*** Opening of Input material ***
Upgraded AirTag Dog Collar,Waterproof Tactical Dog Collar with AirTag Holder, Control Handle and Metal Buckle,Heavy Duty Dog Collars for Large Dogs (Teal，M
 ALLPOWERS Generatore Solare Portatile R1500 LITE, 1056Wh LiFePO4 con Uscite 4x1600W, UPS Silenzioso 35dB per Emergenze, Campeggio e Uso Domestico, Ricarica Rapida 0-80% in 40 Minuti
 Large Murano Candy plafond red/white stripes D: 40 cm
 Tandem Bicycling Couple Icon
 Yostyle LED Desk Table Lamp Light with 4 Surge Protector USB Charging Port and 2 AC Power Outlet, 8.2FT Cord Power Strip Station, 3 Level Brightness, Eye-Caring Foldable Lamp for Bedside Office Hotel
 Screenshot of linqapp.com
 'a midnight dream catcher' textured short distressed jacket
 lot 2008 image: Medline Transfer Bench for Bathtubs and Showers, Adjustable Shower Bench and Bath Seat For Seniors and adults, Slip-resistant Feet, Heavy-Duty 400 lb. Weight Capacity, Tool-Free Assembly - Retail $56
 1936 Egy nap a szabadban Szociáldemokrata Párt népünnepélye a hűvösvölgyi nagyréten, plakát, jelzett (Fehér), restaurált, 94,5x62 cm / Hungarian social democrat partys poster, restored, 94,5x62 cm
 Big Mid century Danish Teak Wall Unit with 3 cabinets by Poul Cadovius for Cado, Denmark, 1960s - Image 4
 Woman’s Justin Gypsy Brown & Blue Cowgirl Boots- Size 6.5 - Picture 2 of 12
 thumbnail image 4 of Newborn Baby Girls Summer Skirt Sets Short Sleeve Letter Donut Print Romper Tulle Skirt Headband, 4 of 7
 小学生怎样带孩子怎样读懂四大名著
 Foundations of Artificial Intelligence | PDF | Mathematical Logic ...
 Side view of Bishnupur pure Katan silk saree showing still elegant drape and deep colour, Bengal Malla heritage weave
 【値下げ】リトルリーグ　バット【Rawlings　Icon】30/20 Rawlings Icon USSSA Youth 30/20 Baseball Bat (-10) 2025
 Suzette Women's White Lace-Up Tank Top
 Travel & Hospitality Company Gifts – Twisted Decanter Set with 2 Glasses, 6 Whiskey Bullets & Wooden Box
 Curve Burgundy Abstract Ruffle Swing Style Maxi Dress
*** Close of Input material ***
◆ Description of the task ◆
Work out how many lines of the records contain the word "with", and give only that number.

◆ Result of the exercise ◆
4